I am saying that it is a strawman, and that if you look at the fine-tuning and cosmological arguments (both the Kalam and the Leibniz), they are not the god of the gaps. Silverman, in his debate with Frank Turek, even tried to say that the moral argument was the god of the gaps.
Still God of the Gaps. Not long ago, someone on here defined God as the all-knowing, all-powerful, author of reality. I will continue to use that definition. So, if we assume that the universe has been fine-tuned, why do we immediately jump to the conclusion that it must have been an all-knowing, all-powerful author of reality? Perhaps it was an entity who was only capable of creating universes. It may have known nothing else, or only had the power to do this one thing. Perhaps it was many entities working in concert, each only capable of performing their own single task. And why, if any being was responsible for the creation of the universe, is it necessary for it to still be around?

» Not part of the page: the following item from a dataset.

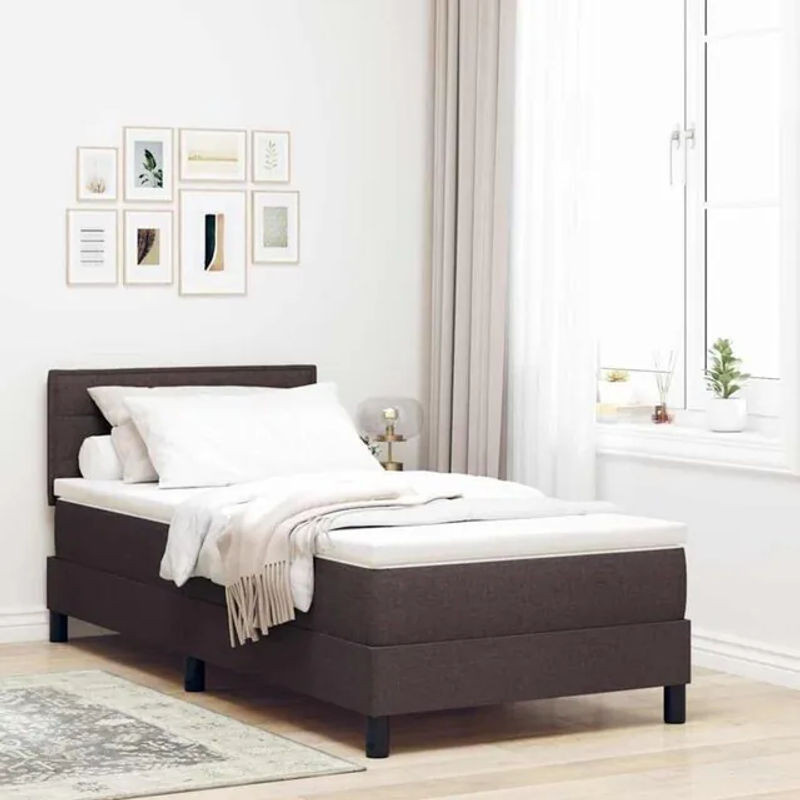 Vidaxl Boxspringbett mit Matratze in Braun aus Stoff, Modern und Minimalistisch, B: 90 cm, L: 190 cm - Bild 1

Atheists are frequently told that you cannot prove a negative, and thus cannot prove that there is not a God. That's fair enough. Are you prepared to say that a fine-tuned universe could not have been created by a non-God entity?
And that all assumes that the universe is fined tuned. Scientists admit that it only appears fine-tuned as it supports carbon-based life. That's not to say that life would have appeared in some other form in another type of universe. We don't know.
And claiming "You don't know, therefore God!" is God of the gaps, and not evidence of God.
The problem with defining God as infinite, or all-knowing, or all-powerful, is that it is the most extreme answer possible. There are an infinite number of possible explanations, each of which is more reasonable.